* _Instructions to follow_
Only one portion of the data is to be written out: from the line bearing "Elad keveset hasznlt" through the line bearing "Ideal Lux NODI". Write it exactly as it appears.

* _Provided entries_
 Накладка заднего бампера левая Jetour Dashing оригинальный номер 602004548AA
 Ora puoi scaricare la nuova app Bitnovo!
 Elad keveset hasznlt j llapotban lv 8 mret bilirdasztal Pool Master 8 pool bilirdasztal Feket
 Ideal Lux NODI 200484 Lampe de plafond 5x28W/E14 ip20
* * *
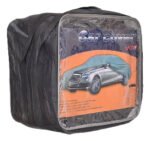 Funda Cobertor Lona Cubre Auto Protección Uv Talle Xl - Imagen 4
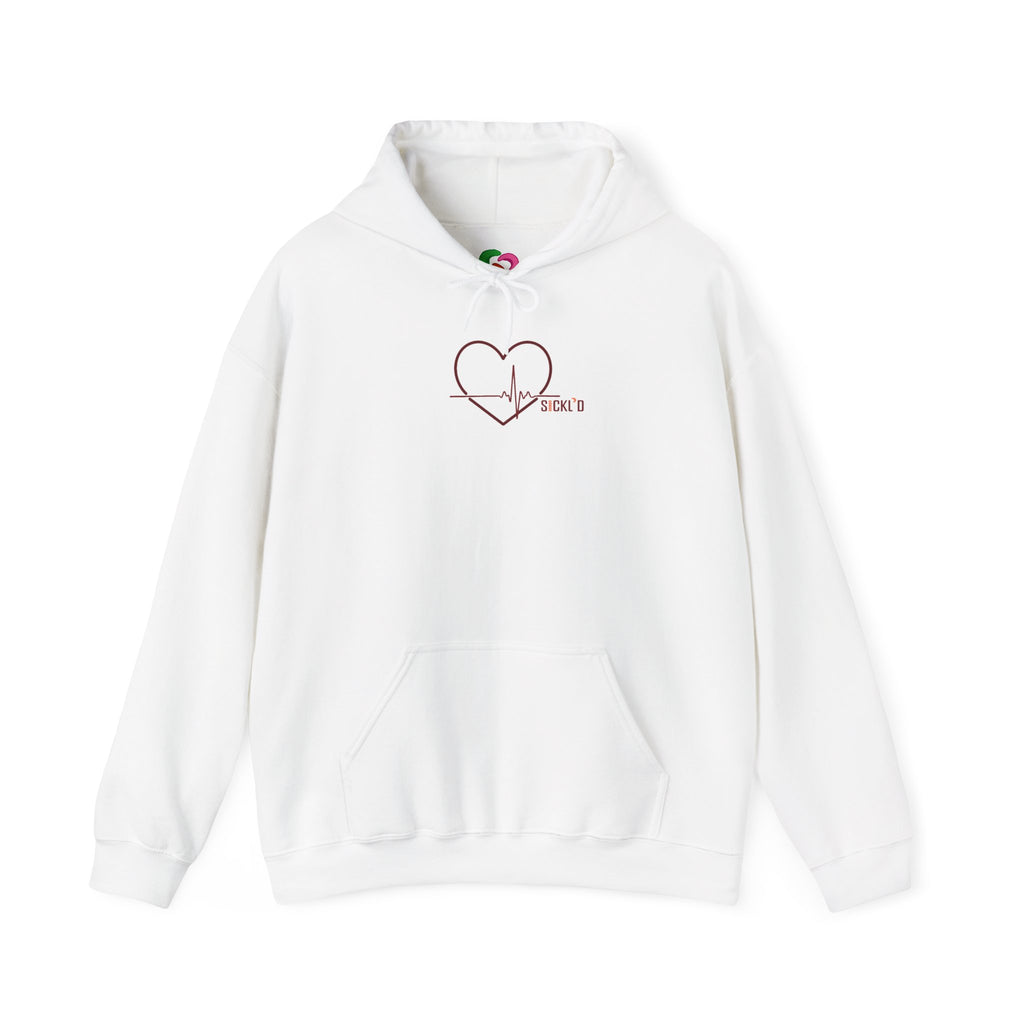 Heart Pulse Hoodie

* _Result of the task_
 Elad keveset hasznlt j llapotban lv 8 mret bilirdasztal Pool Master 8 pool bilirdasztal Feket
 Ideal Lux NODI 200484 Lampe de plafond 5x28W/E14 ip20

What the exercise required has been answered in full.